* **GIVEN RECORDS**:

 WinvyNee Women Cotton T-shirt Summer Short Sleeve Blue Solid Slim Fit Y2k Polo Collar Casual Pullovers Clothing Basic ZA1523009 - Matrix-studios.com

==

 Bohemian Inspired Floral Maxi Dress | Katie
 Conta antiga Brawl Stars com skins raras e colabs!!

---

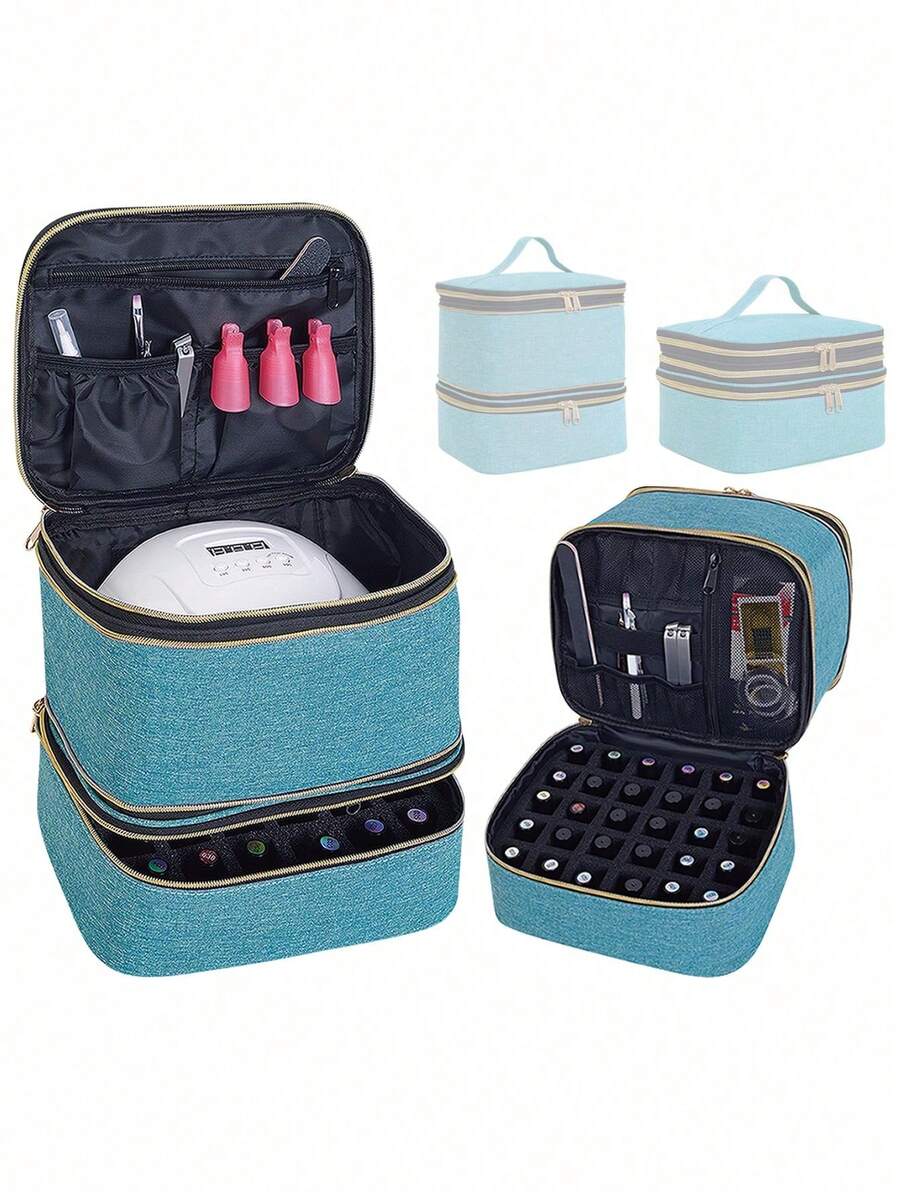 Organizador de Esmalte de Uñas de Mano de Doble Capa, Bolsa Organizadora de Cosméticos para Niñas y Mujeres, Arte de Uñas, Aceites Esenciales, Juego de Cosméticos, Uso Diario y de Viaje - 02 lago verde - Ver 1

* **YOUR GOAL**: Could you reproduce, exactly, every line above from the line with "Bohemian Inspired Floral Maxi Dress | Katie" to the line with "Conta antiga Brawl", and no other line? Both ends count.

* **RESULT**:
 Bohemian Inspired Floral Maxi Dress | Katie
 Conta antiga Brawl Stars com skins raras e colabs!!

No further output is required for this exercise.